At a high level, I break this process into three distinct phases: (1) Pre-Marketing Preparations; (2) The Actual Campaign; and (3) The Closing Mechanics.
Phase 1: Pre-Marketing Preparations
Timing: I built my LP list and began putting the word out two months before hitting the market. Now looking back, i wish I pre-marketed a full six months in advance. Institutional LPs need lots of time to meet folks, to digest initial meetings, to socialize things with their network, and to fill their pipeline. I could even argue that six months is too short. During these meetings, it’s nice to socialize your plans, target size, and strategy. LPs will offer great feedback which can be refined and folded into your final official campaign.
Materials: i prepared a master slide deck (with the help of a designer that I paid REAL money to), which I sliced into a very short “email deck” and a slightly longer “presentation deck.” In retrospect, I only needed the shorter deck (to get the meeting, and for LPs to circulate to their colleagues and peers). I sent everything via PDF, with no exception. What mattered most in the materials was explaining the manager’s background & differentiation (what makes you stand out?, the strategy (where to invest the fund), the portfolio construction (how to invest the fund), deal sourcing (where do you get your leads from). I’ll go into more details on this in future posts.

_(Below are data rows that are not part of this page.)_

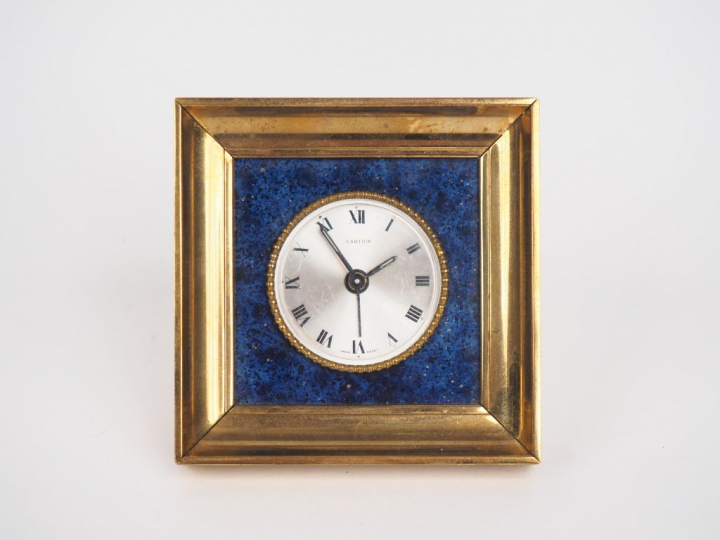CARTIER. Réveil en laiton et Lapis-lazuli à décor d'une frise de perle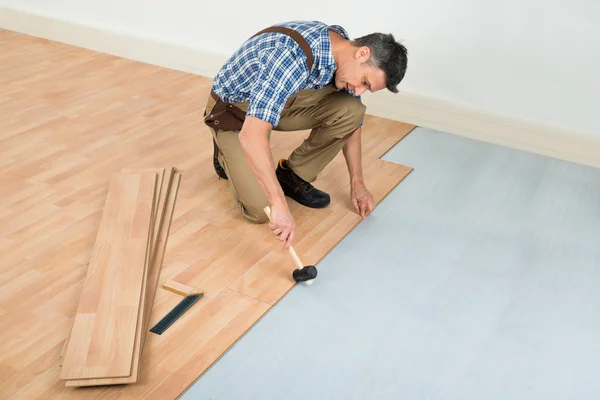 Carpinteiro Instalando piso laminado — Fotografia de Stock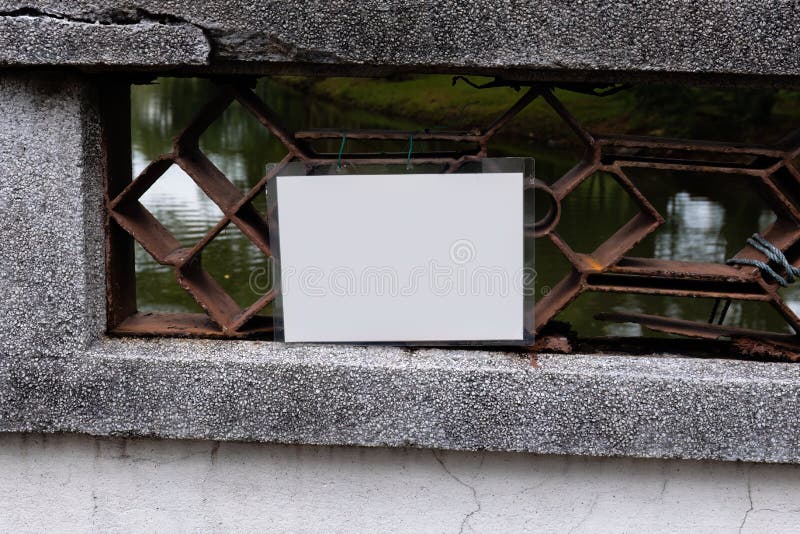 An empty white laminated sign attached to a bridge royalty free stock photo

Key Service Providers: I signed up with very well-known and vetted legal counsel in fund formation, fund administration (back office), and banking. For me, finally being able to go with the top class players forced me to play a better game.
LPA Documents: I asked legal counsel to make my fund docs “plain vanilla,” very simple and in-line with the market. I am not a proven manager. I was shocked to hear how many people play games with the LPA when they haven’t returned real capital.
Data Room: I built a data room on Box with a paid subscription. The folders in my Box data room covered the following topics: References (co-investors, follow-on VCs, previous LPs, and portfolio CEOs); Press Mentions; Notable Blog Posts; Raw Investment Data; Service Providers; Marketing Materials; Previous LP Reports; Audit Paperwork; Official Fund Documentation. The file formats in my Box data room were only PDF, .xls, .jpg, and .png.
Lead Qualification & Tools: The pre-marketing campaign is a good time to find out who isn’t a fit. I had a friend who is an LP just tell me even before seeing the deck or anything that it wouldn’t be a fit. He actually helped me a ton in my process. Similarly, I was able to get into the pipeline of other LPs as I hit the market. I managed my contacts and flow through Pipedrive.
Skin In The Game: LPs will look for any new manager to commit a raw dollar amount commensurate with their liquid net worth. To be safe, I would suspect 2% GP commit would be table stakes, and many folks have to finance that. For folks who have the nest egg, wise to expect to put the appropriate skin in the game.
Phase 2: The Actual Campaign
I will just briefly share what I did. I think it is different for everyone. If anything, I would be conservative in how long you think it will take — and then add another 3-6 months to that conservative projection.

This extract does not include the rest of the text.